[Web page caption snippets]
□ □ □ □ □
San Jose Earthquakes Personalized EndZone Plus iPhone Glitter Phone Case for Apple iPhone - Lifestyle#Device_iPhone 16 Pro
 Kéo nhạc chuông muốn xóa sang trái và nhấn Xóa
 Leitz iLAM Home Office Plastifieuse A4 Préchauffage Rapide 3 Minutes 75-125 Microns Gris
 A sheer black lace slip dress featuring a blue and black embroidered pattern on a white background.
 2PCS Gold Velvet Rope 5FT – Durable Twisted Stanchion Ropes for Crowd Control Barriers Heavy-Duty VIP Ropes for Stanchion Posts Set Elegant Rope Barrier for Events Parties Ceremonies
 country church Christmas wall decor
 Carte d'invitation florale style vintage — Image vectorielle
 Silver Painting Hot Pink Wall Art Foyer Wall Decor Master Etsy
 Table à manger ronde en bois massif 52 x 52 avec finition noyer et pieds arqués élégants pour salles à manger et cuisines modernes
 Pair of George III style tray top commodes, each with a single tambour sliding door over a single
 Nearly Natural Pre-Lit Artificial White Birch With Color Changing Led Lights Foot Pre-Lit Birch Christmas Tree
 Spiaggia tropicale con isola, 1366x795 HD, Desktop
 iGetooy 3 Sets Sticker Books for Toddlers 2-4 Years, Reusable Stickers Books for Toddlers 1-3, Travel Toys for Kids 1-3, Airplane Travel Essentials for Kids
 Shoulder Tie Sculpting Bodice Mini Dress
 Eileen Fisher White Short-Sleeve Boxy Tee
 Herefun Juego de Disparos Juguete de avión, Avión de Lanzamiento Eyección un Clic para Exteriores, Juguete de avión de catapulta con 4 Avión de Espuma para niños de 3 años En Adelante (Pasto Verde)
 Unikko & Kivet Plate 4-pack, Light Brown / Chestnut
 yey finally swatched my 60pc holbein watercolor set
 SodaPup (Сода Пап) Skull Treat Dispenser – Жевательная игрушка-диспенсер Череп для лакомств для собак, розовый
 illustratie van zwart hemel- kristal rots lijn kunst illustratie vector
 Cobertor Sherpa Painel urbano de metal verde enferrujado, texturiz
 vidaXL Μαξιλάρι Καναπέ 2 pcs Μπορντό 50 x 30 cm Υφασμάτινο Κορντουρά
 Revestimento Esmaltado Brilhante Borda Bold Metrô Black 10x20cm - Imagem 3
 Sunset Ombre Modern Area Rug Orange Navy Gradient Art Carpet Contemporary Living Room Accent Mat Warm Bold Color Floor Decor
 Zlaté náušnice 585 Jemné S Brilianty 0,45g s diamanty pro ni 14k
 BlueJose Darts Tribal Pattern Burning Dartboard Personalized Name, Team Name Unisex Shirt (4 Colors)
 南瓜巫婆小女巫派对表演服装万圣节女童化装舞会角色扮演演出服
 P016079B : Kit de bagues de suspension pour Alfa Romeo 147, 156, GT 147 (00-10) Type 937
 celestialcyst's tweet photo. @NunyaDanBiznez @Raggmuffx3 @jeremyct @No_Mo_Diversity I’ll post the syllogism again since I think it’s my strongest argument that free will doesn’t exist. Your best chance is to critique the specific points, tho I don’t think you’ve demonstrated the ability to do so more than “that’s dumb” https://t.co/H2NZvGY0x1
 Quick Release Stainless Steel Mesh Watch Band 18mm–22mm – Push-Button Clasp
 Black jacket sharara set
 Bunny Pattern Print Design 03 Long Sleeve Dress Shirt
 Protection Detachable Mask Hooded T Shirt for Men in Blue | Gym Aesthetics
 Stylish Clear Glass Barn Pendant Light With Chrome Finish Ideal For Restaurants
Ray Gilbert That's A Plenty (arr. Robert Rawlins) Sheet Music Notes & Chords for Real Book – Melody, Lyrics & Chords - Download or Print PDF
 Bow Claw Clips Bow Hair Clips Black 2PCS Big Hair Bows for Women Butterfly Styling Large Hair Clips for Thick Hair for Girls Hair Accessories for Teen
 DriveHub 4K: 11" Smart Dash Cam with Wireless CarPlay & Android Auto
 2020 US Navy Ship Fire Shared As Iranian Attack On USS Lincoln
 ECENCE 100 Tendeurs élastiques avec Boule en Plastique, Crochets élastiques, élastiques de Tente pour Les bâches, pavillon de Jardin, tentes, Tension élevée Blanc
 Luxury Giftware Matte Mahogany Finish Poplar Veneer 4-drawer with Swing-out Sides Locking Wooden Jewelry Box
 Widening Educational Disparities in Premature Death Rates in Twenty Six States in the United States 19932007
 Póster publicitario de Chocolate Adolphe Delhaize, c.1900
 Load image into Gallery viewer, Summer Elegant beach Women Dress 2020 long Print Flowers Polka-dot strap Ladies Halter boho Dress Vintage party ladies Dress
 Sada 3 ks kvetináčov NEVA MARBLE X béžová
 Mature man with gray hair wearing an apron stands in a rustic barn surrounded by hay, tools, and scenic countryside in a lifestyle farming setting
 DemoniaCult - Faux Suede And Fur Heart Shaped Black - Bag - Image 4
□ □ □ □ □
* [AIM OF THE TASK]
Where a line in the entries holds "Shirt", copy that line.

* [OUTPUT OF THE TASK]
 BlueJose Darts Tribal Pattern Burning Dartboard Personalized Name, Team Name Unisex Shirt (4 Colors)
 Bunny Pattern Print Design 03 Long Sleeve Dress Shirt
 Protection Detachable Mask Hooded T Shirt for Men in Blue | Gym Aesthetics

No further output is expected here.